Methodology

How portfolios are built, tracked, and evaluated

Overview

LLM Portfolio Lab tracks hypothetical equity portfolios constructed from the publicly disclosed stock picks of major large language models. Each portfolio is evaluated using standard quantitative finance methods including daily NAV tracking and Fama-French factor regression.

Portfolio Construction

Each portfolio represents a set of ETF and stock allocations attributed to a specific LLM (e.g. ChatGPT, Claude, Gemini).

Daily NAV is computed as:

NAV(t) = Σ [ w_i × ( P_i(t) / P_i(t₀) ) ]

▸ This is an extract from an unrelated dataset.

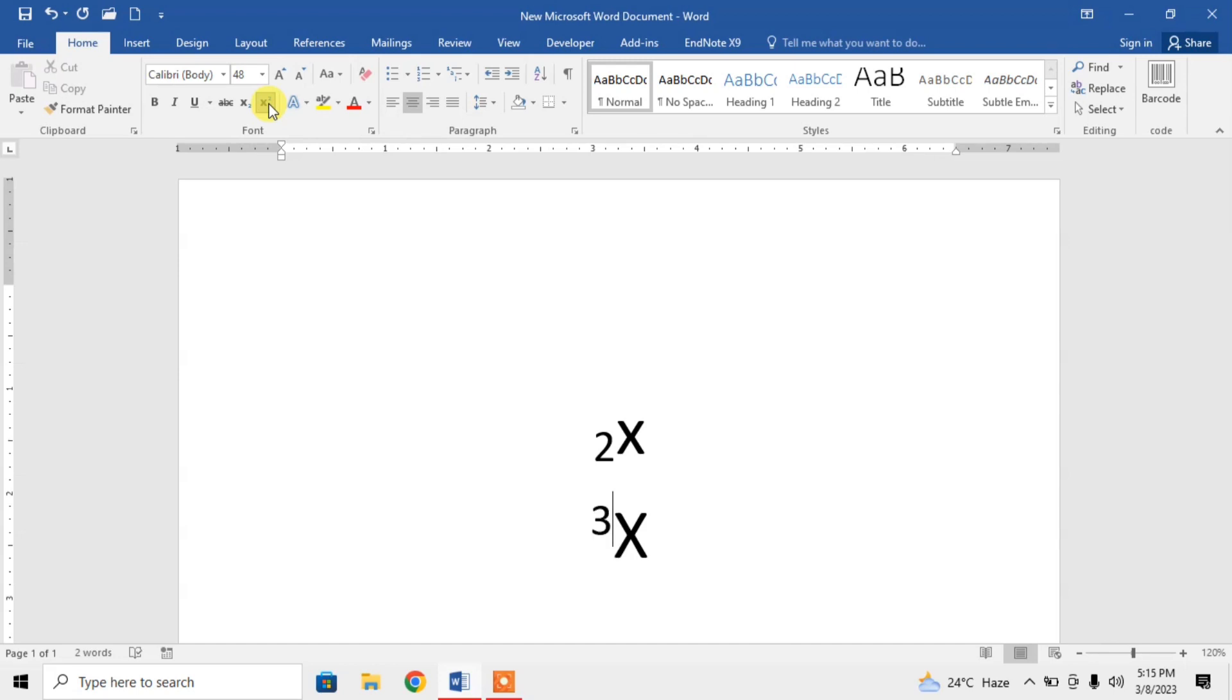You can see that this is how you can type a subscript or superscript before the character in Microsoft Word.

w_i—Portfolio weight of asset i (weights sum to 1)

P_i(t)—Adjusted closing price of asset i on day t

P_i(t₀)—Adjusted closing price of asset i on the inception date t₀

All portfolios start at a base value of $100. The first day return is set to zero so the NAV begins exactly at the base, and each subsequent day reflects the proportional price change of each holding from inception.

Data Sources & Update Frequency

Source	Data	Refresh
Yahoo Finance (yfinance)	Daily OHLCV price data	Daily on request
Ken French Data Library	FF5 daily factor returns	On /api/ff5/sync
SQLite (local)	NAV series, FF5 factors, regression results	Persistent cache

Note: The Ken French Data Library updates monthly. Factor data is downloaded from the official zip file at mba.tuck.dartmouth.edu/pages/faculty/ken.french/Data_Library

Fama-French 5-Factor Regression

Each portfolio's excess return is regressed against the five Fama-French factors to decompose performance into systematic risk exposures and idiosyncratic alpha.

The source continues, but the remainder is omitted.